Adrian O'Connell | Jul 05, 2017


Central Frontenac Council would be foolish to accept the proposition that the township has no business concerning itself about chip wagons which seek to establish themselves close to the junction of Highway 7 and Road 38 at Sharbot Lake.

Assertions that it is not up to the council to decide where businesses choose to locate, and that "the market takes care of that" should be rejected and the concerns raised by Coun. Cindy Kelsey and owners of existing restaurants taken seriously.

As the Scottish philosopher, Adam Smith pointed out more than two centuries ago, in order for markets to function properly, businesses need to operate on a level playing field, a point reiterated by the owner of the Sharbot Lake Inn.

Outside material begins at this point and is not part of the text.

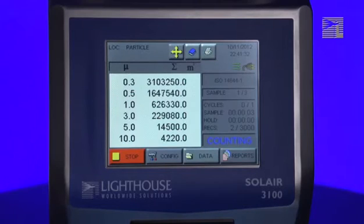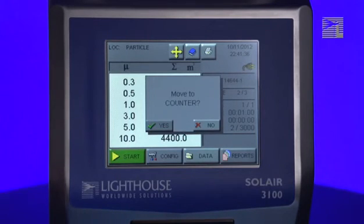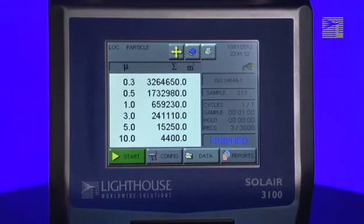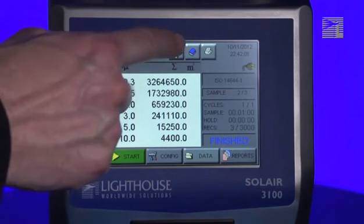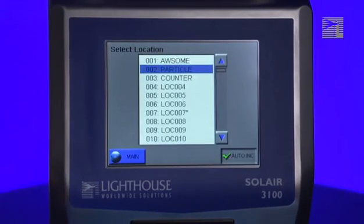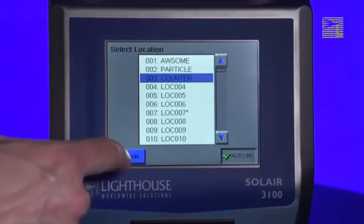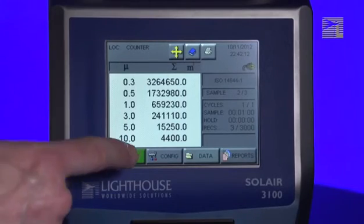Once the instrument has completed the sample, it will again prompt you asking if you want to move to the next location in the list. If you wish to take the next sample at a different location than the one it's prompting you for, press the No button. You must then manually select the next location by pressing the Locations button — the button with four yellow arrows pointing in different directions at the top center of the screen. Select the next location you want to sample and press the Main button to return to the main screen. Move to the selected location and when ready, press the Start button.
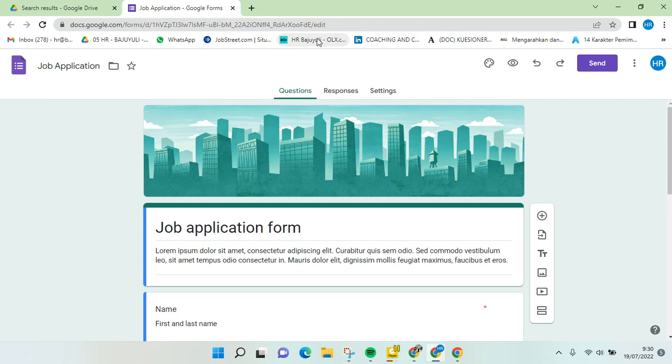Hi guys, welcome back to this channel. In this video I'm going to show you how to allow anyone with the link to access and fill a Google Form. I have this Google Form right here using my company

Many Ontario towns and villages have been devastated by laissez faire planning policies already, and gullible municipalities and their taxpayers have paid a heavy price for the unintended, but entirely predictable, consequences resulting from planning free-for-all fiascoes.

Towns like Belleville have had their downtowns and neighbourhoods eviscerated by peripheral mall developments, subsidized at great public cost by cheap farmland, giveaway tax breaks and publicly funded federal and provincial highways. Meanwhile, older parts of the city have become pockmarked by poverty, pot holes and petty theft as is the case in Belleville, where public officials are currently scrambling to undo the damage done by earlier planning mistakes.

Gas stations on Highway 7 at some distance from residential areas are appropriate. The township, however, should not allow Highway 7 at Sharbot Lake to become a soulless ribbon of commerce divorced from the community.

Restaurants are not simply service stations where people refuel, but nodes of community, which foster civic identity and social interaction. They offer entertainment, comfort, including wheel chair access. They host family gatherings and prepare food in a hygienic environment subject to stringent public health regulations. Staff and patrons have access to washrooms, in sharp contrast to the dubious facilities offered by unlicensed, unsightly, unregulated, peripatetic, motorized monstrosities which spew diesel fumes, generate throwaway garbage to fill already overloaded township landfills and, all too often, provide dodgy food.

Lastly, councillors would be well advised to dismiss as utter nonsense, the nostrum that  "the restaurant business is finished" (Frontenac News, June 29). In fact, even chain restaurants like Tim Hortons and McDonalds are being forced to up their game constantly because of public demand for better food and amenities.  Restaurants are increasing in number all the time and quality establishments, like Gray's Grocery and Bake Shop, as well as the other fine restaurants which grace Sharbot Lake, will survive the vagaries of tourism and continue to flourish, provided they are allowed to compete on an equitable basis. They, and the community which they so loyally serve, deserve no less from their township council.